Implementation of Spark Applications in Hadoop

 Welcome to the twelfth lesson ‘Implementation of Spark Applications’ of Big Data Hadoop Tutorial which is a part of ‘big data and hadoop course’ offered by OnlineItGuru.

In this lesson, we will discuss how to implement Spark application. You will also be introduced to SparkContext and the Spark application cluster options.

Let us first look at the objectives of this lesson.

Objectives

After completing this lesson, you will be able to:

  • Explain the difference between Spark Shell and Spark applications.
  • Describe SparkContext.
  • Explain the three supported cluster resource managers of Spark applications - Hadoop YARN, Spark Standalone, and Apache Mesos.
  • List the steps to run Spark application.
  • List the steps for dynamic resource allocation.
  • Explain the different configurations related to Spark application.

You can check the Course Preview of big data hadoop online training.

Spark Shell vs. Spark Applications

The table below explains how spark shell differs from Spark Applications.

Spark Shell

Spark Applications

  • Allows interactive exploration and manipulation of data
  • Example: REPL using Python or Scala
  • Run as independent programs
  • Examples: Python, Scala, or Java, and jobs such as ETL processing, and streaming

The SparkContext

Every Spark program needs a SparkContext, which is the main entry point to Spark for a Spark application. The interactive Spark Shell creates it for you. The spark context is explained in the below diagram.

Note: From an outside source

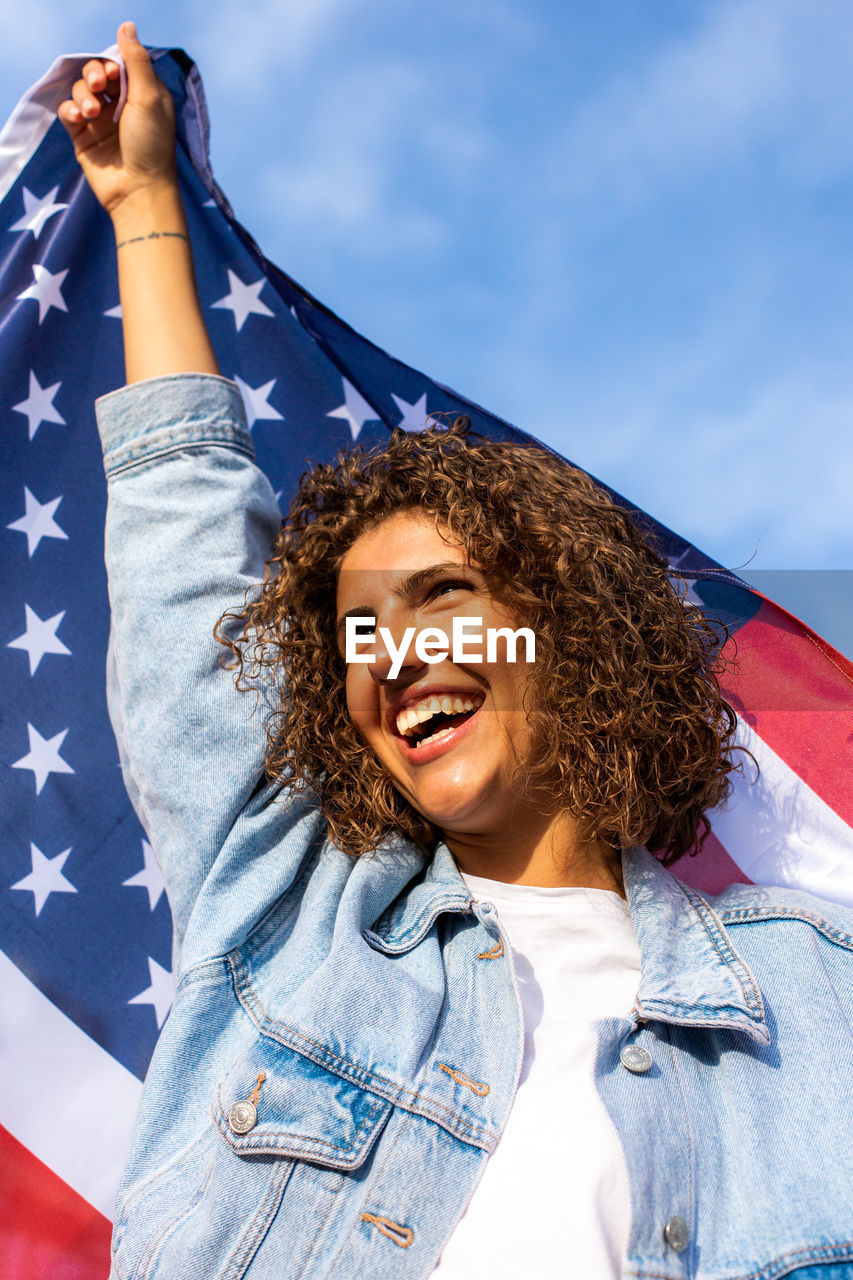 Portrait of smiling young woman holding american flag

spark-context-in-a-spark-program


The first thing that any Spark program needs to do is to create a SparkContext object, which informs Spark how to access a cluster through a resource manager.

In order to create a SparkContext, begin by building a SparkConf object, which contains information about your application.

You can create SparkContext in Spark application. In a Spark shell, a special SparkContext is already created for you, in the variable called sc. When you want to terminate the program, you can call sc.stop.

For example, when you want to close files or network connections after you are done with them, you can call sc.stop, which lets the spark master know that your application is finished consuming resources.

Here is an example where you can see a SparkContext being initiated in Scala.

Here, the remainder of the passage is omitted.